### EXERCISE GOAL
Only the tail of the listing is wanted: the line containing "VERY RARE ANCIENT" and all after it, repeated exactly, pictures omitted.

### DATA EXTRACT
************

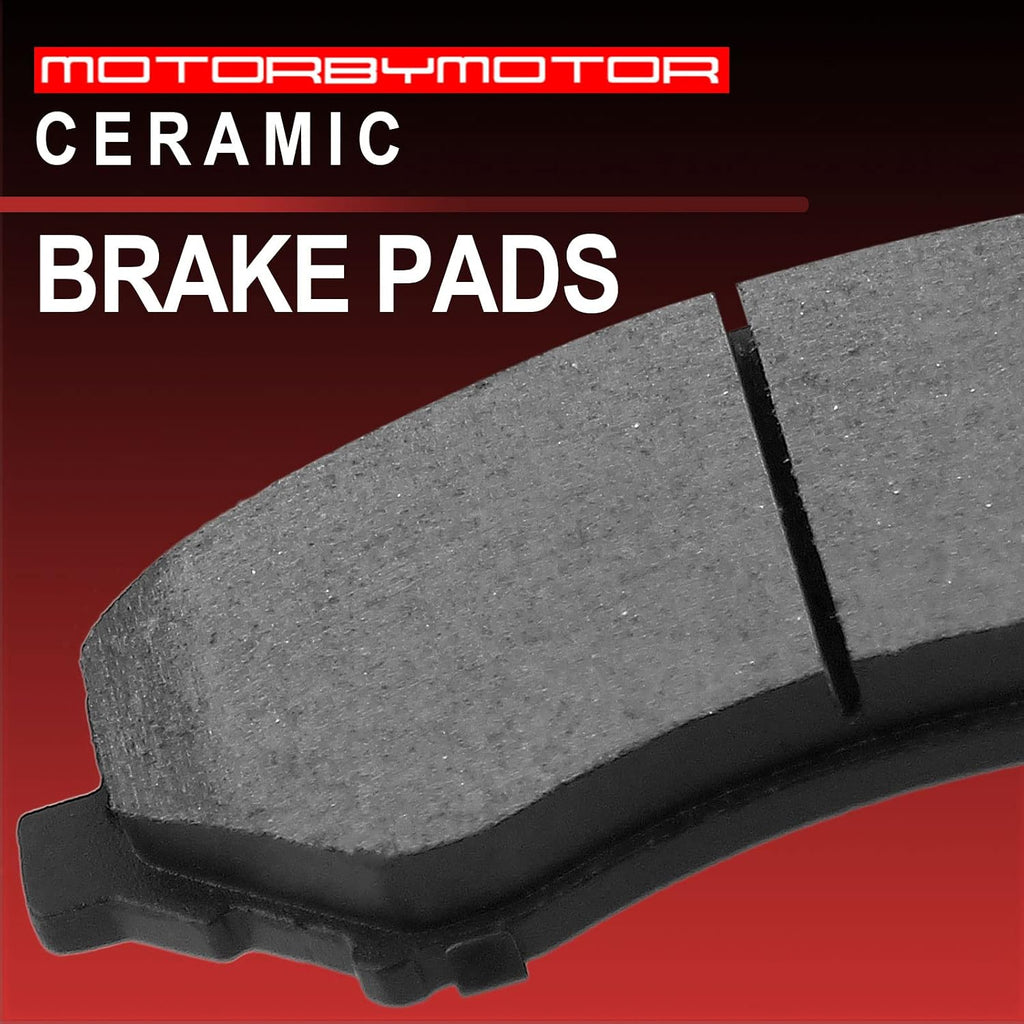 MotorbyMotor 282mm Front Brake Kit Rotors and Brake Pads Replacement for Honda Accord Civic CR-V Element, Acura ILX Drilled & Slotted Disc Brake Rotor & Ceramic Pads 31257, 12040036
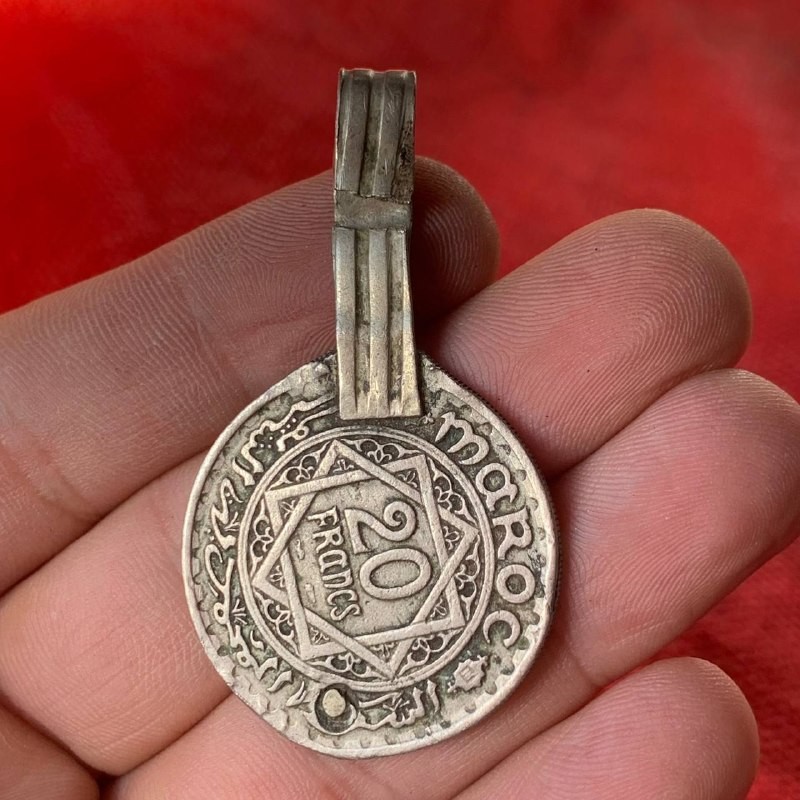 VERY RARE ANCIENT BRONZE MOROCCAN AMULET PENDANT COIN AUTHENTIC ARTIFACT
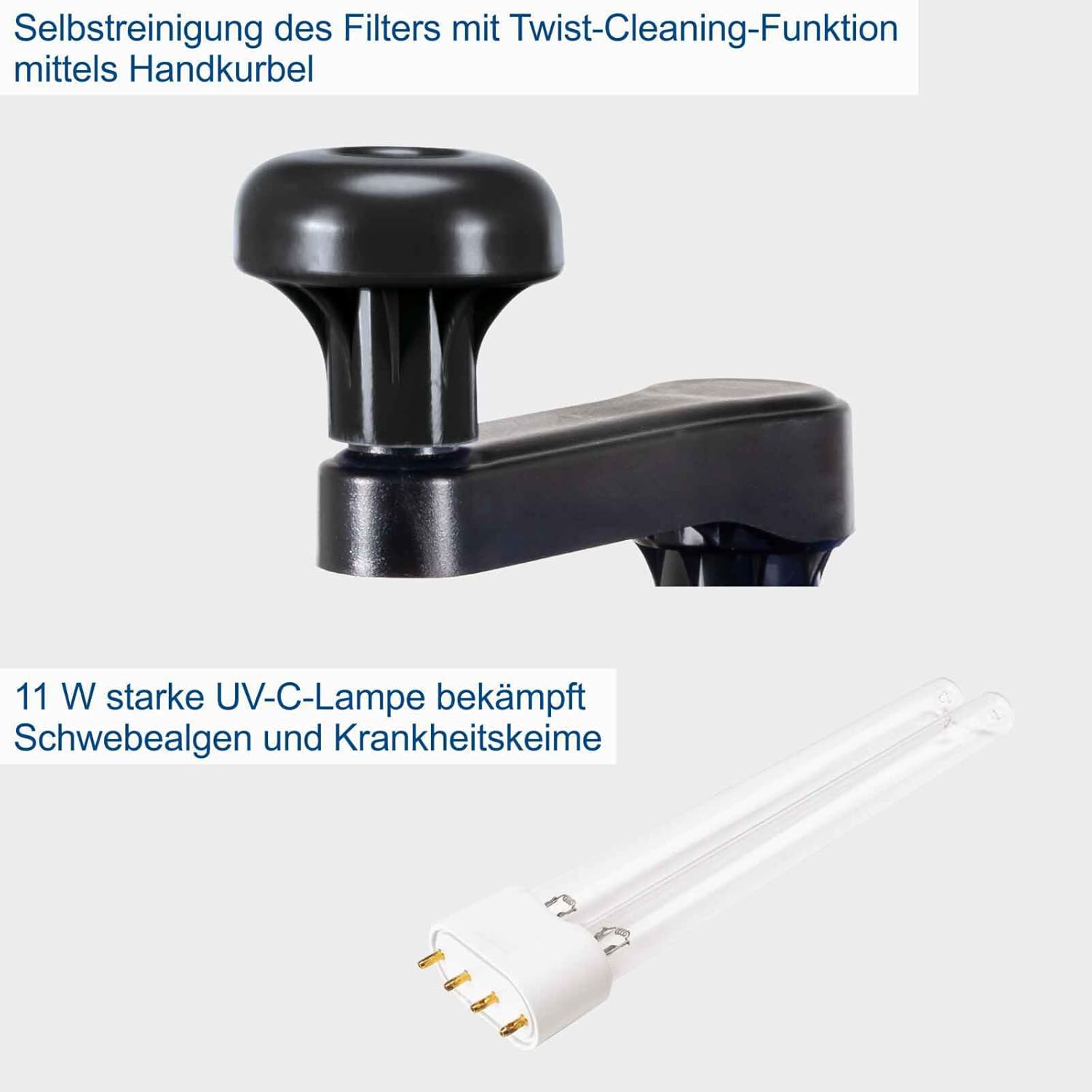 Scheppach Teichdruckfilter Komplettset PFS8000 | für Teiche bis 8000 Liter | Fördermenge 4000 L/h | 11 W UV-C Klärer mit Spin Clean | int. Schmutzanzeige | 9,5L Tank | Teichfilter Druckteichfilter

************

### EXERCISE RESPONSE
 VERY RARE ANCIENT BRONZE MOROCCAN AMULET PENDANT COIN AUTHENTIC ARTIFACT
 Scheppach Teichdruckfilter Komplettset PFS8000 | für Teiche bis 8000 Liter | Fördermenge 4000 L/h | 11 W UV-C Klärer mit Spin Clean | int. Schmutzanzeige | 9,5L Tank | Teichfilter Druckteichfilter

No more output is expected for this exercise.